FIG. 5 is an elevational view of the front face of the mobile device 100 featuring the wellness application 102 that provides a graphical user interface displaying results of the application 102 after the user selects “Add Food,” 202 from the menu shown in FIG. 2 in accordance with the principles of the present invention. The application 102 allows user selection of various options. For example, the user may make a meal selection 502 to indicate whether a particular food or drink is consumed as breakfast, lunch, dinner, or as a snack. The timing of the food or drink item may affect the credit value associated. For example, consuming an apple at 12:30 am at night may be of less credit value than consuming an apple at 8:30 am.

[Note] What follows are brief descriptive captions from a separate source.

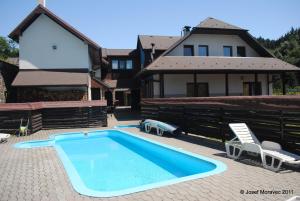 a swimming pool with two chairs and a house at Pension Karolína in Trnava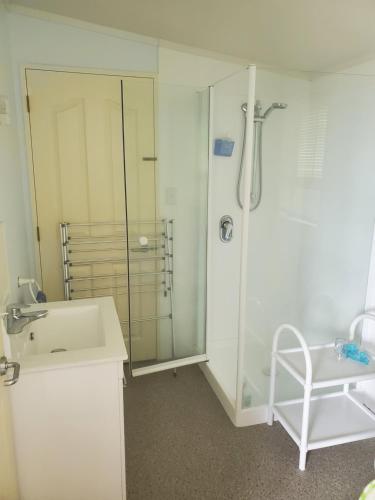 a white bathroom with a shower and a sink at Rawhiti Cottage at Kaeppeli's in Kuaotunu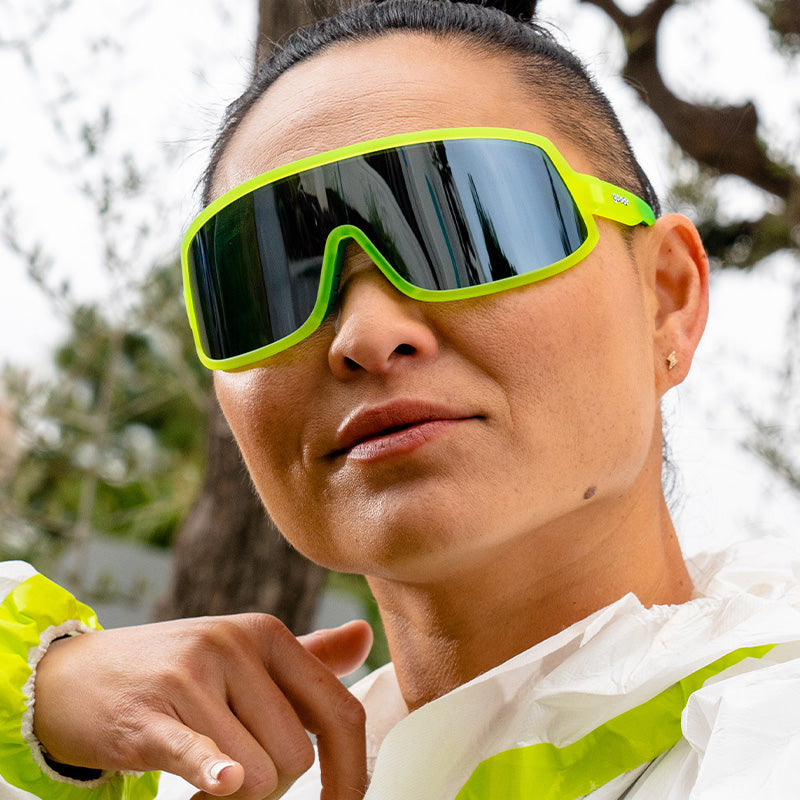 A woman wearing a hazmat suit and neon yellow sunglasses with a reflective gray lens looks fiercely ahead.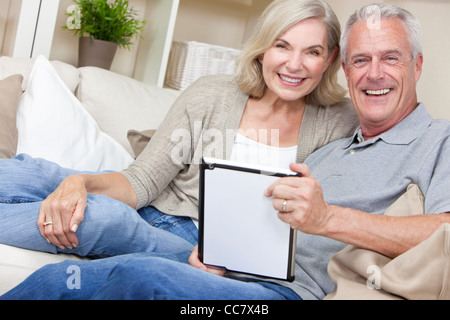 Happy senior man and woman couple sitting together at home smiling and happy using a tablet computer Stock Photo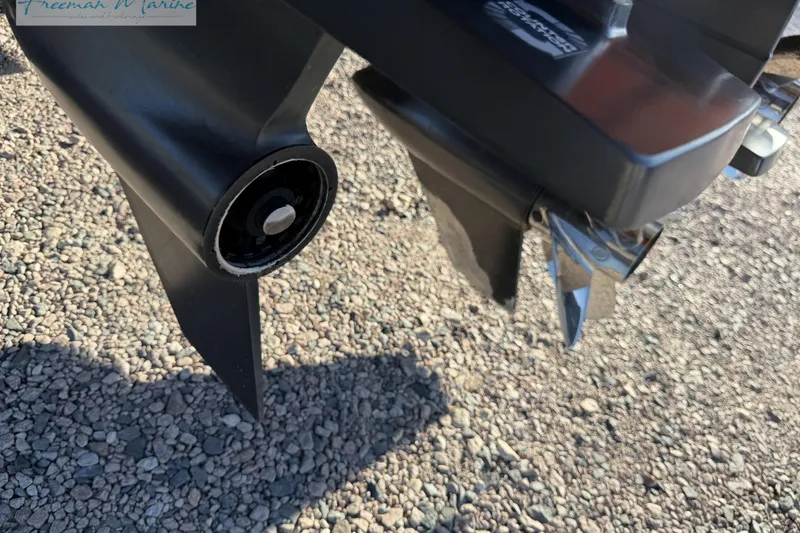 Slide: The Image of Close-up of a 2020 Midnight Express 43 Open boat propeller on gravel. - 17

The time element associated with the food or drink consumption may be manually input by the user or may be synced and received from the device running the instant application 102. As an additional example, consuming a first apple for breakfast may be worth a particular credit value, whereas a second apple consumed for the same breakfast may be worth another particular credit value, but possibly not the same as the first credit and can even be negative. Further, the user may make a food location selection 504 that indicates whether a particular food item is associated with eating in, such as at home or a family and friends house, or eating out. Often times, home-cooked foods have higher nutritional value than restaurant foods. Additionally, the user may indicate whether the food is fast food or restaurant food. The user may further indicate whether the food was takeout or delivery. A particular credit value may be associated with eating in, whereas a different and likely lower credit value may be associated with eating out. Studies have shown that people who eat out often tend to be more overweight than those who don't eat out as often. Similarly, a particular credit value may be associated with fast food, restaurant food, take-out or delivery.

FIG. 6 is an elevational view of the front face of the mobile device 100 featuring the wellness application 102 that provides a graphical user interface prompting the user to select food and drink items. FIG. 6 depicts a selection 602 for laying out food or drink items. For example, user selection of Group 604 provides a list of foods sorted by group (as depicted in FIG. 7). Groups may include, inter alia, Vegetables 702, Seafood 704, Fruit 706, Dairy 708, Soy 710, Whole Grains 712, Nuts 714, Chips/Crackers 716, Sweets 718 and others. Selection of the itemized list input 606 will provide a further itemized list of individualized foods and drinks that are capable of selection by the user. Selection of the recipe input 608 will provide recipes formed from a combination of individual items, wherein the combination of the items have a particular IF Value represented by a particular recipe. The recipes can be maintained at a central database accessible through a network by a plurality of users. In this embodiment, a database manager is able to access each recipe and assign credit values based on aspects of the recipe that merit credit scores. In other embodiments, each recipe credit value can be assigned by the uploading user or by the receiving user. In addition, recipes can have different credit scores that depend on the ingredients, i.e., organic items score higher than non-organic, low salt ingredients score higher than salted items, etc.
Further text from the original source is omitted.